Cyclic and BCH Codes whose Minimum Distance Equals their Maximum BCH bound
José Joaquín Bernal, Diana H. Bueno-Carreño, Juan Jacobo Simón
TL;DR
This work investigates when the minimum distance $d(C)$ of a cyclic code equals the maximum BCH bound $\Delta(C)$, introducing a framework based on the discrete Fourier transform (Mattson-Solomon transform) and the apparent distance $d^*(\cdot)$. It establishes necessary and sufficient conditions (via $f\in \mathbb L(n)$ with $d^*(f)=d^*(C)$ and $\varphi^{-1}_{\alpha,f}\in C$ for some $\alpha$ in the apparent-distance set) and provides constructive methods that use divisors of the polynomial $x^n-1$ to build such codes. The paper then presents techniques to construct BCH codes with designed distance $\delta$ that satisfy $d(C)=\Delta(C)=\delta$, including permutation-equivalent families and dimensional-extensions, demonstrated through several binary examples at lengths including $15$, $21$, $33$, and $45$, yielding new codes with the desired equality. These results offer a practical pathway to design BCH-like codes with optimal distance properties and provide a bridge between algebraic divisors and distance bounds via the Fourier-analytic view of cyclic codes.
Abstract
In this paper we study the family of cyclic codes such that its minimum distance reaches the maximum of its BCH bounds.
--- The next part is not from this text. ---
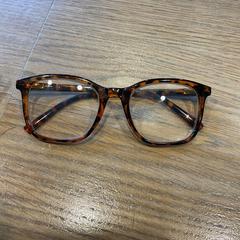 Lentes, segundo informou Designer Outlet Roosendaal usando iLost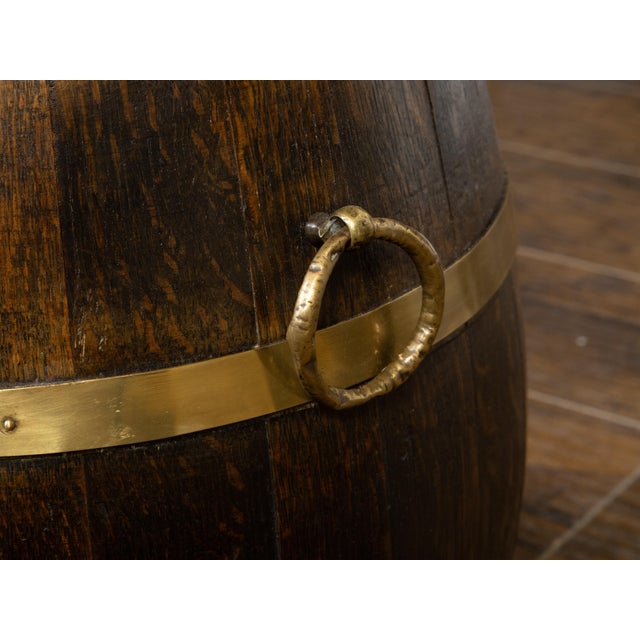Brown English Turn of the Century Oak Barrel with Brass Braces, circa 1900 For Sale - Image 8 of 9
We also show a way to construct cyclic codes with that property by means of computations of some divisors of a polynomial of the form X^n-1. We apply our results to the study of those BCH codes C, with designed distance delta, that have minimum distance d(C)= delta. Finally, we present some examples of new binary BCH codes satisfying that condition. To do this, we make use of two related tools: the discrete Fourier transform and the notion of apparent distance of a code, originally defined for multivariate abelian codes.